GIVEN DATA Start Marker

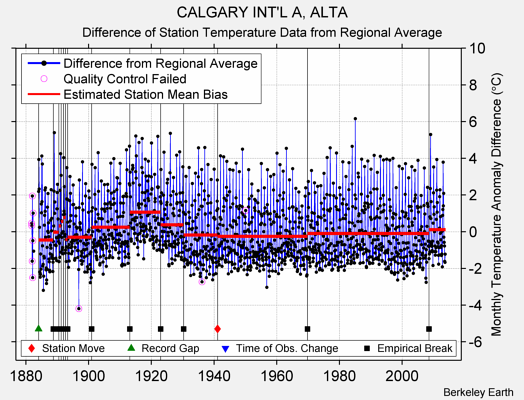 CALGARY INT'L A, ALTA difference from regional expectation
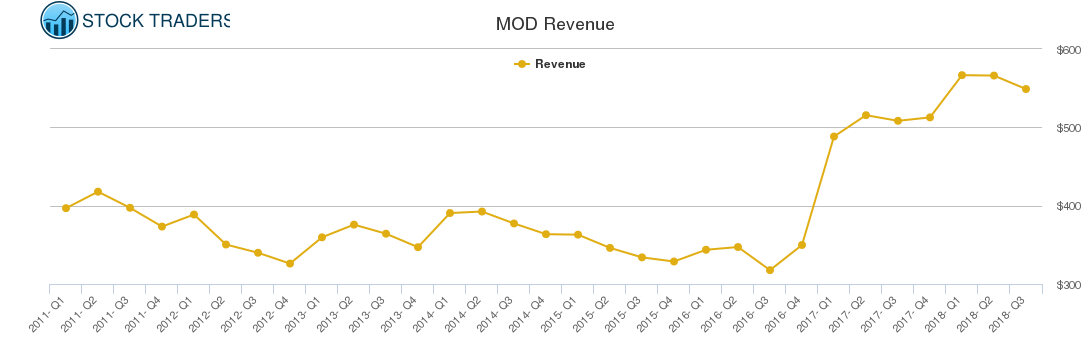 MOD Revenue chart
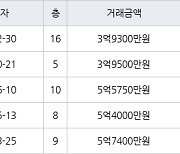 수원 화서동 화서주공4단지 49㎡ 3억9300만원에 거래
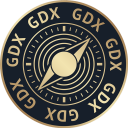 Bitcoin trading signals - Crypto exchange: GDX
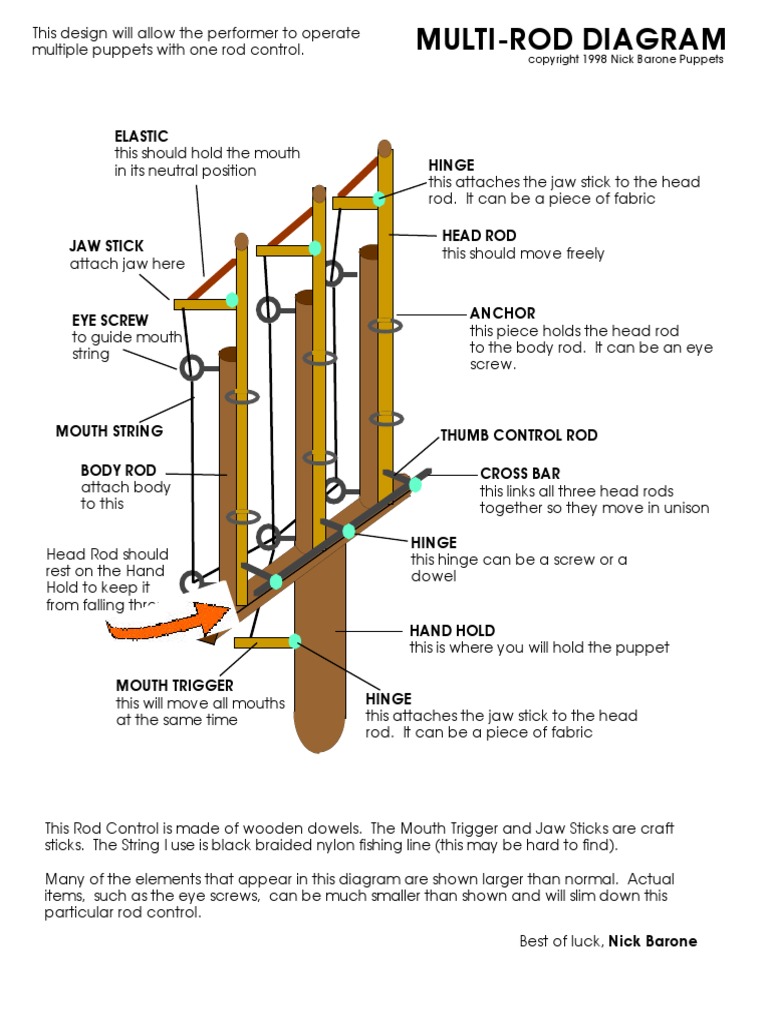Multi Rodmult | PDF | Home & Garden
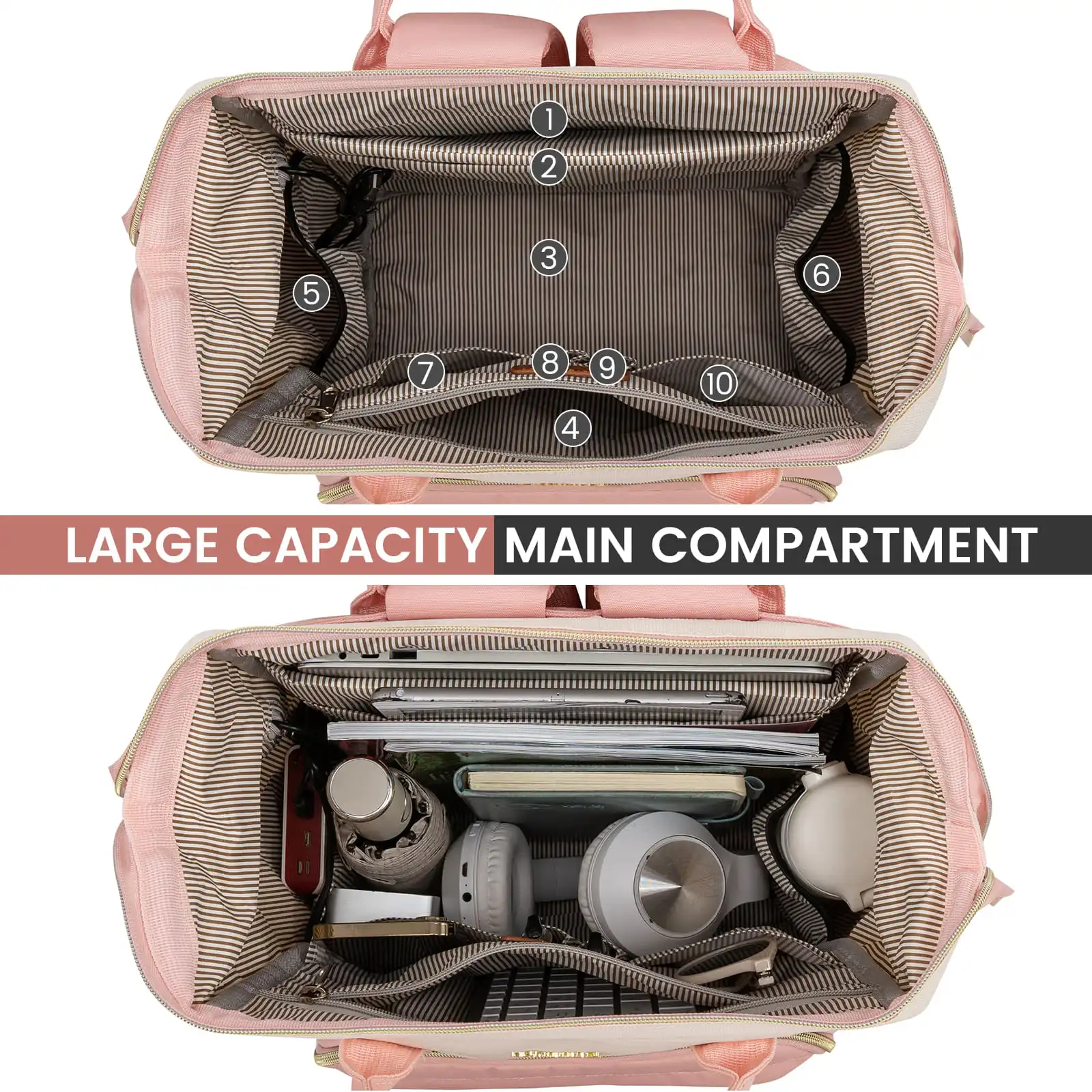 Γυναικείο Σακίδιο Φορητού Υπολογιστή Lovevook 15,6'' MB2046 Beige/Pink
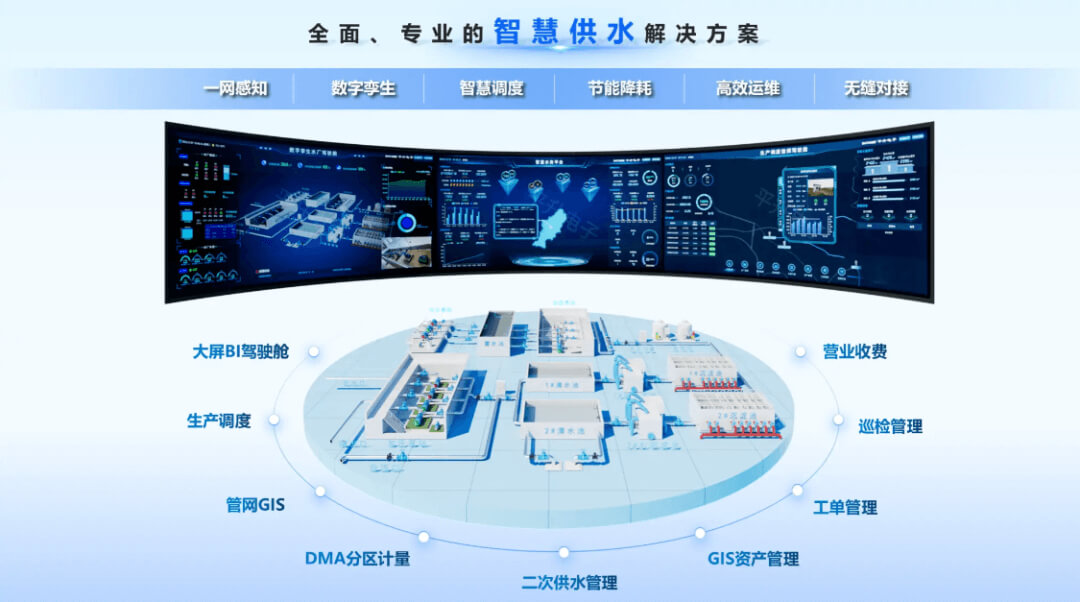 智慧水务数字孪生选型破局：平台精准适配 + 交付五优保障，筑牢水务智能运营基石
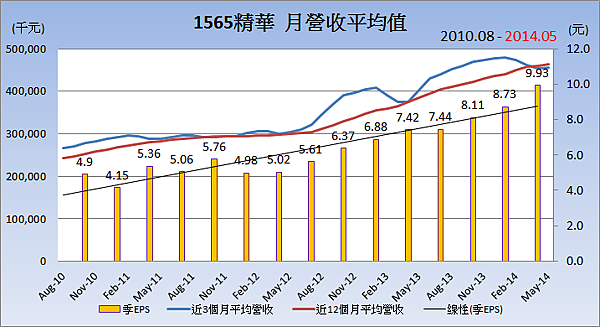 1565精華_平均月營收變化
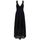 textil Mujer Vestidos Guess W4GK46 WG571-JBLK Negro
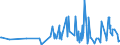 KN 5905 /Exporte /Einheit = Preise (Euro/Tonne) /Partnerland: Montenegro /Meldeland: Eur27_2020 /5905:Wandverkleidungen aus Spinnstoffen
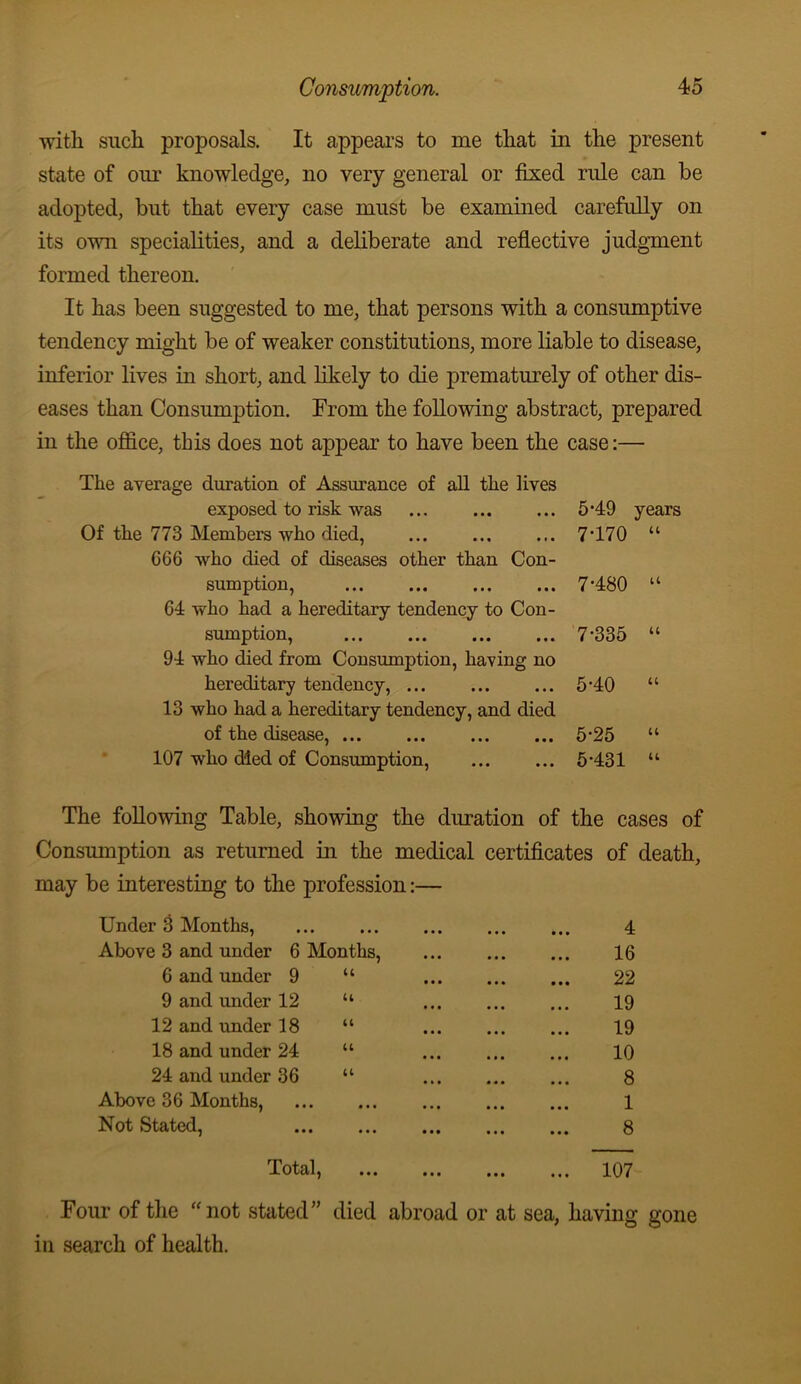 with such proposals. It appeal’s to me that in the present state of our knowledge, no very general or fixed rule can be adopted, but that every case must be examined carefully on its own specialities, and a deliberate and reflective judgment formed thereon. It has been suggested to me, that persons with a consumptive tendency might be of weaker constitutions, more liable to disease, inferior lives in short, and likely to die prematurely of other dis- eases than Consumption. From the following abstract, prepared in the office, this does not appear to have been the case:— The average duration of Assurance of all the lives exposed to risk was Of the 773 Members who died, 666 who died of diseases other than Con- sumption, 64 who had a hereditary tendency to Con- sumption, ... ... ... ... 94 who died from Consumption, having no hereditary tendency, 13 who had a hereditary tendency, and died of the disease, 107 who died of Consumption, 5’49 years 7T70 “ 7-480 “ 7-335 “ 5-40 “ 5-25 “ 5-431 “ The following Table, showing the duration of the cases of Consumption as returned in the medical certificates of death, may be interesting to the profession:— Above 3 and under 6 Months, 16 6 and under 9 u 22 9 and under 12 u 19 12 and under 18 a 19 18 and under 24 u 10 24 and under 36 14 8 Above 36 Months, • • • 1 Not Stated, • • • 8 Total, • • • ... 107 Four of the '‘not stated’’ died abroad or at sea, having gone ill search of health.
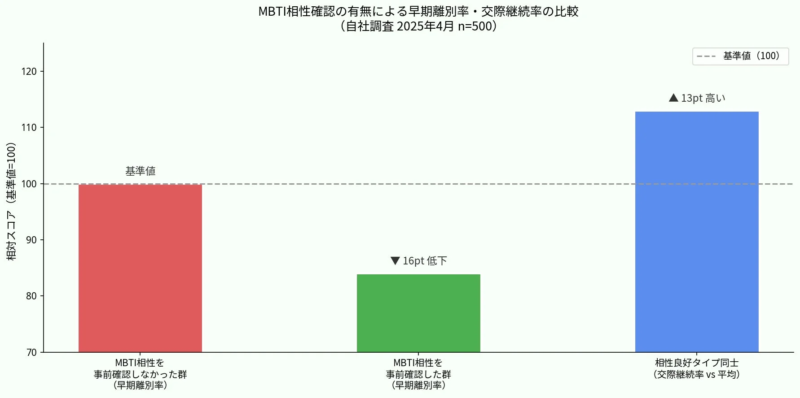 MBTI相性確認の有無が早期離別率と交際継続率に与える影響を示す棒グラフ。MBTI相性を事前確認した群は早期離別率が16pt低下し、相性良好タイプ同士は交際継続率が13pt高いことが示されています。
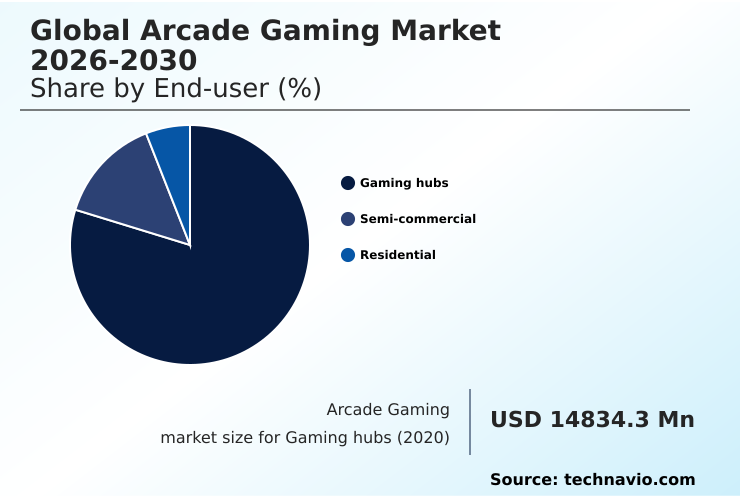 Arcade Gaming Market Analysis, Size, and Forecast 2026-2030: APAC (Japan, China, and South Korea), North America (US, Canada, and Mexico), Europe (UK, Germany, and France), Middle East and Africa (UAE, South Africa, and Saudi Arabia), South America (Brazil, Argentina, and Colombia), and Rest of World (ROW)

GIVEN DATA End Marker

▶ **EXERCISE DIRECTIONS**: Please reproduce, word for word, every line from the first line of the records above through the line containing "textil Mujer Vestidos", and leave out the pictures.

▶ **OUTPUT FOR THIS EXERCISE**:
 CALGARY INT'L A, ALTA difference from regional expectation
 MOD Revenue chart
 수원 화서동 화서주공4단지 49㎡ 3억9300만원에 거래
 Bitcoin trading signals - Crypto exchange: GDX
Multi Rodmult | PDF | Home & Garden
 Γυναικείο Σακίδιο Φορητού Υπολογιστή Lovevook 15,6'' MB2046 Beige/Pink
 智慧水务数字孪生选型破局：平台精准适配 + 交付五优保障，筑牢水务智能运营基石
 1565精華_平均月營收變化
 textil Mujer Vestidos Guess W4GK46 WG571-JBLK Negro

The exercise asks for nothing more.